Water treatment procedures

Additionally, professionals employ Na2S to precipitate heavy metals from wastewater at a neutral or alkaline ph. During this process, hexavalent chromium is reduced to trivalent chromium and precipitated by the combined action of sulfuric and ferrous ions.


Iran sodium sulphide works well as a reducing agent as well. First, we should know that salt makes absorption easier. The dye is then renewed by oxidation after the fabric has been removed from the dye solution and left to stand in the air.


About JAM Group’s Sodium Sulphide

A large variety of companies are involved in the Zirnikh industry, so why should we choose the JAM Group among them? There are various reasons for considering this organization as a reliable business partner. The sodium sulfide that JAM Group produces enjoys unique qualities. This product is well-shaped, with transparent yellow color and neat sides. It is a perfect option for employment in Flotation, mining industries, and leather business. Remember that this company is capable of producing sodium sulfide by less than ten ppm iron and 60% activity.

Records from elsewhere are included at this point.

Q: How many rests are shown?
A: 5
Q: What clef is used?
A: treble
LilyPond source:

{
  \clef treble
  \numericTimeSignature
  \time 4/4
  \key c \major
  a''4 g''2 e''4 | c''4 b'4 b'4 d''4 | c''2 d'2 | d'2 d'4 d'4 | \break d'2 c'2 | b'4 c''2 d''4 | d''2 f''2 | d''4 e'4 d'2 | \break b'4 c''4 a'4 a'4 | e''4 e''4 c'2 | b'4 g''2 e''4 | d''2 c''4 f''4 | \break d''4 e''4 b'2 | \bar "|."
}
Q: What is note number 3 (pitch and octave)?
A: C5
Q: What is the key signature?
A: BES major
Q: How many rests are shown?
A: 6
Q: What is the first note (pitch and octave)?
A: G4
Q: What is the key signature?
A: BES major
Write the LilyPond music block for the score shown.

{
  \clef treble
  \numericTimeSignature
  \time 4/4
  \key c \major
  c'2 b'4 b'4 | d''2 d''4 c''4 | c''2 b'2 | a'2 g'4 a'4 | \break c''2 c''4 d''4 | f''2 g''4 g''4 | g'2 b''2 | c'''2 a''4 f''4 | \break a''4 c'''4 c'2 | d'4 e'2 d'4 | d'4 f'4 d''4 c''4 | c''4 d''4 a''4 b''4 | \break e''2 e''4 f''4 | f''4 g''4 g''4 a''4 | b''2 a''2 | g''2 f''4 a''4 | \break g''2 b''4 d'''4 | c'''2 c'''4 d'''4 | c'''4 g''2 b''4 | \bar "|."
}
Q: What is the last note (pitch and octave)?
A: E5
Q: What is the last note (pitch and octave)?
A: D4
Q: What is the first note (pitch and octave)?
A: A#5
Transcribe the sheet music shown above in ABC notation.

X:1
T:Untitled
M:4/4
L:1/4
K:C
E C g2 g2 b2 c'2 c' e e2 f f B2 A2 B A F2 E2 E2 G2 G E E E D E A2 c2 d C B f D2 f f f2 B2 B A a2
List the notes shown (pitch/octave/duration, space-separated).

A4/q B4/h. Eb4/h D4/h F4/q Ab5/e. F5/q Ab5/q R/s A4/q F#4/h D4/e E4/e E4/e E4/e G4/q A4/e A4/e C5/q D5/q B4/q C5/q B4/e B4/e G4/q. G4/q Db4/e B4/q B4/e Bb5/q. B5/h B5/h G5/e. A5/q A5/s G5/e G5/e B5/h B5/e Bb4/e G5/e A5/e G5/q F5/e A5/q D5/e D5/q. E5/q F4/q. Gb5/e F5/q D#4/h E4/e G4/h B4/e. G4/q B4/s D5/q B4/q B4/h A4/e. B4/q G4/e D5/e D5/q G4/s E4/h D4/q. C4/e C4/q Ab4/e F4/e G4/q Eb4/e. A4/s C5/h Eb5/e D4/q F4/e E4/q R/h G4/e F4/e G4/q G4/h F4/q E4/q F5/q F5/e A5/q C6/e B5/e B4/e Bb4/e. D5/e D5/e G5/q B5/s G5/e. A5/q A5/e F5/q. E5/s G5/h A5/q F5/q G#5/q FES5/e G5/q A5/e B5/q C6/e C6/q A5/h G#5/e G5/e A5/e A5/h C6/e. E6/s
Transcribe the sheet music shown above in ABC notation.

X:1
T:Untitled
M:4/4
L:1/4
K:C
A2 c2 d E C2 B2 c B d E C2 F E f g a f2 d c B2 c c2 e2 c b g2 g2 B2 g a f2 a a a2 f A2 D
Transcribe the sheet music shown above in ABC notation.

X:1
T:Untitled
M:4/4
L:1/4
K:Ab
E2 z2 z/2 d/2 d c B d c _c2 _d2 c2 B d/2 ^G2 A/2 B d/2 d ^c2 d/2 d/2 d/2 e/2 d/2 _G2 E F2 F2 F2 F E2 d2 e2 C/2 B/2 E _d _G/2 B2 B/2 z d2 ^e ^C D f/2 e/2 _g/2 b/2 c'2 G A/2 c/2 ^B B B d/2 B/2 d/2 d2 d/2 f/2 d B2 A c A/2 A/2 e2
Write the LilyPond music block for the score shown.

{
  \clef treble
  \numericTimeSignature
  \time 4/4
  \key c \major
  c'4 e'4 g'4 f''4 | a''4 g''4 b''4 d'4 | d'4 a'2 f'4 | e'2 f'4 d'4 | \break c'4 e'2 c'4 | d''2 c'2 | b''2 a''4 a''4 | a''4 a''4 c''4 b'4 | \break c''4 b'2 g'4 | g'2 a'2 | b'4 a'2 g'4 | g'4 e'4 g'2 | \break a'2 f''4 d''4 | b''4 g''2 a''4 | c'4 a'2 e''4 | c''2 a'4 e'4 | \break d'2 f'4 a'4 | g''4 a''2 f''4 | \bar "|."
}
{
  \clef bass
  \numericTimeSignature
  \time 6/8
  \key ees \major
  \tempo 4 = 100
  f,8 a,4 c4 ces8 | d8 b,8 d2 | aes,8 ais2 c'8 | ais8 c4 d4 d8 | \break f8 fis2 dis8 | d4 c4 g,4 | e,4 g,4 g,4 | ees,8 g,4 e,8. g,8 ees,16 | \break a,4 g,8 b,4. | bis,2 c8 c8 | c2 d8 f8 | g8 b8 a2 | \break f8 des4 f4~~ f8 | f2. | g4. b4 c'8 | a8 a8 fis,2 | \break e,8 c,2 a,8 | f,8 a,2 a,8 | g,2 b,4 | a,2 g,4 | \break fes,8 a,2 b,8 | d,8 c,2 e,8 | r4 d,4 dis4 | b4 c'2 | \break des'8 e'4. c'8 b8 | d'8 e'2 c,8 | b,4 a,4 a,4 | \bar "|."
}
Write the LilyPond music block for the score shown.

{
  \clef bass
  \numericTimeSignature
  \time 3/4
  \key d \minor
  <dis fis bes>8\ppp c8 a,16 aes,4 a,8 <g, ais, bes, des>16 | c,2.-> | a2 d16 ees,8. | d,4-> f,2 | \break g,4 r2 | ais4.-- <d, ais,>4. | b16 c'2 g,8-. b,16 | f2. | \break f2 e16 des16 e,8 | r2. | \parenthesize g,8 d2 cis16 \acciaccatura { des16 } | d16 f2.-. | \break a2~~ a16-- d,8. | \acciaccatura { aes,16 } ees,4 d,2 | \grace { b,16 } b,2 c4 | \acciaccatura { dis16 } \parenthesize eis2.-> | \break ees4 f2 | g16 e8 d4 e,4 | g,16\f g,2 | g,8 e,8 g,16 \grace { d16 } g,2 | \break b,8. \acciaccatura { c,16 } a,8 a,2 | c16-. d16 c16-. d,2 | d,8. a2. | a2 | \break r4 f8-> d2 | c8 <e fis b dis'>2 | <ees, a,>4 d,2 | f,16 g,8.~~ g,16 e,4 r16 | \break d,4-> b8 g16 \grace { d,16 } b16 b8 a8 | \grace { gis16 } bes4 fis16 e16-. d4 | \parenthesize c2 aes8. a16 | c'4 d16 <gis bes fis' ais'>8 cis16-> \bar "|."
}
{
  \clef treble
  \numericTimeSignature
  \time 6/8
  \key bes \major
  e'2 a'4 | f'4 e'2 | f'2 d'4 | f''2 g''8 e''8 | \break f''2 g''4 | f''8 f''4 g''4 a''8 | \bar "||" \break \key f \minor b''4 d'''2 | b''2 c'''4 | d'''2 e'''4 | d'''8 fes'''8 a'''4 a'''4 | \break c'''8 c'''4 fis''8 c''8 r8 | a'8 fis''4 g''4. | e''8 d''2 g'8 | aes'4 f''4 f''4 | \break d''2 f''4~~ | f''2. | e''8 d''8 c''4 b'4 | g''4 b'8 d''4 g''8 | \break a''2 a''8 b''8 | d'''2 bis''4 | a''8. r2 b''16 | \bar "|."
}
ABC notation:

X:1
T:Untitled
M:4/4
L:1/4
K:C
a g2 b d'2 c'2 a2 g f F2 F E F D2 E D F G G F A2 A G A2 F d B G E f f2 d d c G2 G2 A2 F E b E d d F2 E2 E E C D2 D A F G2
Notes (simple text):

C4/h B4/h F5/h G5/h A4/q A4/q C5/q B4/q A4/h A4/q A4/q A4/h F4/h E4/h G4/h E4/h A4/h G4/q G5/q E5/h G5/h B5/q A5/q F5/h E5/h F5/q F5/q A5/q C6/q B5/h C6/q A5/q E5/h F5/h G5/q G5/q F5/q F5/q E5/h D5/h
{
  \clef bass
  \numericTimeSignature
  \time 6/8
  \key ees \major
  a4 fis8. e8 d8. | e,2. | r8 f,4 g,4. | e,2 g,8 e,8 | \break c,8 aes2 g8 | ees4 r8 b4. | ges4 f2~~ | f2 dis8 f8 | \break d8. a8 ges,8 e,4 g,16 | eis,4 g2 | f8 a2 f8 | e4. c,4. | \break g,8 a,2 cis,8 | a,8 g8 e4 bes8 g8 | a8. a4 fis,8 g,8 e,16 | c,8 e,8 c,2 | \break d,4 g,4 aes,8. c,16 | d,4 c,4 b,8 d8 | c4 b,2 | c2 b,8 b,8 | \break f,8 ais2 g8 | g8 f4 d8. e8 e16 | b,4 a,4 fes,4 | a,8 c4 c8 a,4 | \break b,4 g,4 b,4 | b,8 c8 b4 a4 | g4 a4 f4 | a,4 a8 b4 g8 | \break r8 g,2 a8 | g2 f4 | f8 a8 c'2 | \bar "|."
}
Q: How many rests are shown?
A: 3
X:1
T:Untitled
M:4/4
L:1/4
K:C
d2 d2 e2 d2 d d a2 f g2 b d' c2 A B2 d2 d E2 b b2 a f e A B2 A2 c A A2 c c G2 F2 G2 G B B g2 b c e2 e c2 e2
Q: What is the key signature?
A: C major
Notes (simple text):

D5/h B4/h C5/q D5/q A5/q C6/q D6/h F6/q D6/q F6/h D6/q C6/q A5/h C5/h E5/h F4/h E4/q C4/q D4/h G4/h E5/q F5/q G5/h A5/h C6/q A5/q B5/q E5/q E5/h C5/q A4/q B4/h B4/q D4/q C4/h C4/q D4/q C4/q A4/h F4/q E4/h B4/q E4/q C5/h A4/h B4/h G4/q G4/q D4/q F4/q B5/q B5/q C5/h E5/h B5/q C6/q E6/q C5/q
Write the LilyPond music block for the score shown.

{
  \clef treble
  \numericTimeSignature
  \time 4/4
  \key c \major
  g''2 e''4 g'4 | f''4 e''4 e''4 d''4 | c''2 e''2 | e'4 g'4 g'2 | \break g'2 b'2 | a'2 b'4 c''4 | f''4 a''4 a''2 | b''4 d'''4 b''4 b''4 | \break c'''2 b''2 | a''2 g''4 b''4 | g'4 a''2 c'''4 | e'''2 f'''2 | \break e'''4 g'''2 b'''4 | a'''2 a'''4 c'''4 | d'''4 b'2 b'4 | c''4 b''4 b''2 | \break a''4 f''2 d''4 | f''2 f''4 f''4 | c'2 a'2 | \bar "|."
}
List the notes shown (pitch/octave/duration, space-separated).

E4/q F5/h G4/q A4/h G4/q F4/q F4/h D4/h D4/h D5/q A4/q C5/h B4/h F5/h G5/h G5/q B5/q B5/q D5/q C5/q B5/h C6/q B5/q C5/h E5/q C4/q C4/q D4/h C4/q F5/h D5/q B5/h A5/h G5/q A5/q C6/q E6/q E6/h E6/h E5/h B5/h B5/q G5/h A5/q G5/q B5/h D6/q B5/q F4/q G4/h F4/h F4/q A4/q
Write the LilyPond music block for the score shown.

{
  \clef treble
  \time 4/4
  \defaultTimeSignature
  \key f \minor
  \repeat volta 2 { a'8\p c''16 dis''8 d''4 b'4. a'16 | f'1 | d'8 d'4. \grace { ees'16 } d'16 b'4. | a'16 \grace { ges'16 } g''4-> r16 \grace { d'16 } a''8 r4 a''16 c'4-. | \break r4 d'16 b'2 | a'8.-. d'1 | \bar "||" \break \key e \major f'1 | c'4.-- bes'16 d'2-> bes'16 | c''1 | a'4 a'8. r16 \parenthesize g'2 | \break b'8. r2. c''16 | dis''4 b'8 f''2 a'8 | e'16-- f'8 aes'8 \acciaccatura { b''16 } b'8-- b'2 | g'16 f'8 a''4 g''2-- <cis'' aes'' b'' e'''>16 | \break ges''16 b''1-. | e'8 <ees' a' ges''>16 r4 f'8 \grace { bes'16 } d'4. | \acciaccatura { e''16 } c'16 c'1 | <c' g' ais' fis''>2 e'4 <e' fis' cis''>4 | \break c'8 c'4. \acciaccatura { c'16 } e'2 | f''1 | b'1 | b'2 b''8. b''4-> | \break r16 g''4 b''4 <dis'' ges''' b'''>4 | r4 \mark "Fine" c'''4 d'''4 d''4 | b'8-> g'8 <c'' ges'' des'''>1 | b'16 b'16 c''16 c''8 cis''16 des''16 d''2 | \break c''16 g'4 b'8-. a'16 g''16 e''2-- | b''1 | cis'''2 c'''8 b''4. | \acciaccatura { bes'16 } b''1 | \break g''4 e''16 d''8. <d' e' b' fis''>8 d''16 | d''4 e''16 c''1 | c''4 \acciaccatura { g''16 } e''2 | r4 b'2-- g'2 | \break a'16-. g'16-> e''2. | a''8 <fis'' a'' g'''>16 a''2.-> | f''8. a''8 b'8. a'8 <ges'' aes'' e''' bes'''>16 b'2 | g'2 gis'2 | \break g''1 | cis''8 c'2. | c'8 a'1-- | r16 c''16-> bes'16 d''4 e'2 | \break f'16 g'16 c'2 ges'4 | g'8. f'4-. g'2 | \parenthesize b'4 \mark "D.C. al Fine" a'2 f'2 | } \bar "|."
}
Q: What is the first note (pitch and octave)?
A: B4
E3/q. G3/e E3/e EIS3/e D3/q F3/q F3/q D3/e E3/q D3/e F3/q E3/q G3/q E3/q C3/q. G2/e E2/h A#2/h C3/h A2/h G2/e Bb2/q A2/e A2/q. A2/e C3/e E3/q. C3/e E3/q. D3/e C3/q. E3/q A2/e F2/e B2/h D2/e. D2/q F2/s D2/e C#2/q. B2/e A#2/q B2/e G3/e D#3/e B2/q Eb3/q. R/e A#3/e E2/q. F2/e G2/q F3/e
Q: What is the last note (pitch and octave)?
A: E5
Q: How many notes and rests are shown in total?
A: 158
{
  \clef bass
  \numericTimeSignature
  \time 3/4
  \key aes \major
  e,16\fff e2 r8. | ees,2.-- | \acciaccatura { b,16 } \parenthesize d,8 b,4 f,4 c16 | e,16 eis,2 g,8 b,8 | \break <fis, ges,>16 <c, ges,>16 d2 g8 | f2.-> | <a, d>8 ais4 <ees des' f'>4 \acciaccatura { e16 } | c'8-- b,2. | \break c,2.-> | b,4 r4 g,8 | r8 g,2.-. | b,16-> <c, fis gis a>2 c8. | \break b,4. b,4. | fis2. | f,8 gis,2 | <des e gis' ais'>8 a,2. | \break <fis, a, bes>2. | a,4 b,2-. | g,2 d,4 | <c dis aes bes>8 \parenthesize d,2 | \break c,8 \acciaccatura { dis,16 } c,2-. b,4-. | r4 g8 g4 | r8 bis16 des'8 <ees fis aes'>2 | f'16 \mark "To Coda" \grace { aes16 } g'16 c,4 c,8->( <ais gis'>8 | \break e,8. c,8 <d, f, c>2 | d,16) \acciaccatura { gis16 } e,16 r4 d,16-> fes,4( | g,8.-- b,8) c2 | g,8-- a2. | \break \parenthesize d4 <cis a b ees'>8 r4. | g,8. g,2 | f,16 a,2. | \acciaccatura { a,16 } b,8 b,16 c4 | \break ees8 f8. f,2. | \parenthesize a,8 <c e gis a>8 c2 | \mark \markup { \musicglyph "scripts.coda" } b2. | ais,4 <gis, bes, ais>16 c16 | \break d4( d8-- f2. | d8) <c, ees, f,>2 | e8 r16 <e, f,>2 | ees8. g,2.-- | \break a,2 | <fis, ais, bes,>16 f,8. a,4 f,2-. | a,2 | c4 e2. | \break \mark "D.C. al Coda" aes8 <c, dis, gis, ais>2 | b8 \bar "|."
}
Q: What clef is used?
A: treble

It is also worth mentioning that you have different logistics options when dealing with JAM Group Co. Sodium sulfide is packed under universal standards in secure packings. Still, you can ask for particular filling methods that suits your desire. For instance, you can have your product in jumbo bags and customize the quantity of every single pakage; Jambo bags contain around 1 ton of Zirnikh, but the customer can reduce it even to 800 kilograms. To find out more about this company and its offerings, please navigate to About Us.



Sodium Sulphide is a chemical product with the formulation of Na2S; This substance is utilized in two different grades: liquid and solid. Every quality of this product is used in various industries, but all in all, the solid one is a more substantial option. There are diverse ways of producing sodium sulphide, like employing carbon or Hydrosulfide Liquor. Some of these methods are old-fashioned, but others are provided by cutting-edge technologies that make better chemical compounds. Sodium Sulfide entails multifold usage; It is employed in numerous businesses such as mineral processing, leather tanning and water treatment procedures.